In fact, Seattle’s offense appears primed for a postseason run. Everything worked in Sunday's win over the Eagles, even though setbacks emerged. Rookie running back C.J. Prosise ripped off a 72-yard touchdown run, averaged 19 yards a carry and left the game with a scapula injury that may sideline him the rest of the season. Then, Thomas Rawls, who hadn’t played since Week 2, stepped in and gained 57 yards on 14 carries. The Seahawks' maligned o-line cleared the way for 152 rushing yards at a 5.1-yard-per-carry clip. Eight receivers caught passes, as did Wilson, who hauled in a 15-yard touchdown thrown by Baldwin, his favorite target. Baldwin also caught four passes for 104 yards, after completing the first TD throw—of his life. “I’ve been lobbying for that pass for weeks now,” he said.
In the past two weeks, the Seahawks offense resembled the Seahawks offense from the end of the 2015 season, when it ranked among the top outfits in the league. One could argue, and fairly easily, that this version could be better. The biggest reason for that is Jimmy Graham, the former All Pro tight end who tore the patellar tendon in his right knee last November.
Graham looks healthy now. He looks more like the player who terrorized defenses in New Orleans each week. On Sunday, Wilson called Graham the “best tight end in the National Football League,” and while Rob Gronkowski and common sense would disagree with Wilson, Graham does add a different dimension to the Seahawks offense. It’s most noticeable in two places: how defenses can’t key on the run game and how often the Seahawks can incorporate the deep ball. Wilson-to-Baldwin-40-yards-down-field has become a staple of their 2016 offense, which takes defenders away from the line of scrimmage, which takes pressure off the line.
Because the Seahawks defense looks as formidable as ever, when the offense hums, when Graham is open and Baldwin is open and Tyler Lockett is open and even Wilson is open, the Seahawks look like a Super Bowl contender. They look like a team set to play the Cowboys for the right to represent the NFC in Houston. And while it’s early—undoubtedly, it’s early—this is the best the Seahawks have looked at this point in the season since they won the Super Bowl three years ago. This team is better on offense than that one was.
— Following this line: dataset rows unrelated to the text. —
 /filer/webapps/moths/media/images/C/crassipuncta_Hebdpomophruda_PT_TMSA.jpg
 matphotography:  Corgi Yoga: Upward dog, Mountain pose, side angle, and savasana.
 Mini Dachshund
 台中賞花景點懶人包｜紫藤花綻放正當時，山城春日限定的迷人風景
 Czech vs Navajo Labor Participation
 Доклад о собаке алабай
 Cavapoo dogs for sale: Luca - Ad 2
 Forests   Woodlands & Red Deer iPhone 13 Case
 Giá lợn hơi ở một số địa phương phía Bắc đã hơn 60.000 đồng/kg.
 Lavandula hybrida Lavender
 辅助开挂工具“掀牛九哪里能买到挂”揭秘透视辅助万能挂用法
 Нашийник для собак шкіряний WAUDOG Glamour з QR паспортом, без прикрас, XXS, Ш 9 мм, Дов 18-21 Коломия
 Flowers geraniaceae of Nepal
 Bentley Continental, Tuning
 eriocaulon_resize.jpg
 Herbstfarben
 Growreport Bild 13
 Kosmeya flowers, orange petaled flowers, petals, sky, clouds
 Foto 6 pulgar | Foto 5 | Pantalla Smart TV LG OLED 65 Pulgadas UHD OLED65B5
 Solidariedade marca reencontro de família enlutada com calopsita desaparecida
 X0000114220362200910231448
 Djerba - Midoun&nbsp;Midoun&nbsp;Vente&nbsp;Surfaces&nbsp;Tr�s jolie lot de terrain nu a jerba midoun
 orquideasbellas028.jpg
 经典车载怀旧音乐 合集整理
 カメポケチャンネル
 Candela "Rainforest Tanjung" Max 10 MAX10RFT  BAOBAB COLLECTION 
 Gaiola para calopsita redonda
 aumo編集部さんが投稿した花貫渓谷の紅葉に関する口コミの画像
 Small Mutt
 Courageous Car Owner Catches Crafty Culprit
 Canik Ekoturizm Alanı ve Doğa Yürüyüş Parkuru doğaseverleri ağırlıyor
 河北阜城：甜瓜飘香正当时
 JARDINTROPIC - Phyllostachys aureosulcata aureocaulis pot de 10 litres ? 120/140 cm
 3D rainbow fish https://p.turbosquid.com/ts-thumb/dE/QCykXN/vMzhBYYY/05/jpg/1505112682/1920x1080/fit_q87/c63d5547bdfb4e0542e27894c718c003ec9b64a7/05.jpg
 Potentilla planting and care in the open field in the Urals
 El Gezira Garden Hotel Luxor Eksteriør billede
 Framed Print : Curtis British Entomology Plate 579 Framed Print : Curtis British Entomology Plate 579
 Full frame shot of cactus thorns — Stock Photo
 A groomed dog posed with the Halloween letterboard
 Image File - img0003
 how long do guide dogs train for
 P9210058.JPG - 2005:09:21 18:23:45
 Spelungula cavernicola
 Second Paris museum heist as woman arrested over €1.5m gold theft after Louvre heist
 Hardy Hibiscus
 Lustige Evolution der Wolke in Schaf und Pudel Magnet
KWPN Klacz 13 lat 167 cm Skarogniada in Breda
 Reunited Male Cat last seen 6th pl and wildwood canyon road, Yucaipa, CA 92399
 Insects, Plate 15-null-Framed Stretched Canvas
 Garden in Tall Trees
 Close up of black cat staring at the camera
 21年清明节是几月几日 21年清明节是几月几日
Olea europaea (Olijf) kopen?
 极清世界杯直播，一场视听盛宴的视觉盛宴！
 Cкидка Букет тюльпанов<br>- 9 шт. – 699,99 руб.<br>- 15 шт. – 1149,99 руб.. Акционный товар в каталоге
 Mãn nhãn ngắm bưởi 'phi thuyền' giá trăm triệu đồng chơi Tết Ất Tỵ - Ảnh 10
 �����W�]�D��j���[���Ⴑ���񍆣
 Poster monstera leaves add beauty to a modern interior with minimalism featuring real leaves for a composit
Yet the Seahawks hardly celebrated Sunday when they finished off the Eagles in a game they dominated by a far greater margin than the final score. There were no shouts coming from the showers, no high-five bonanzas, nothing beyond a quiet confidence as the players dressed and headed into the night. It was business as unusual, and for Seattle that marked a positive development, still peaking, still time to improve, and in far better shape compared to recent seasons.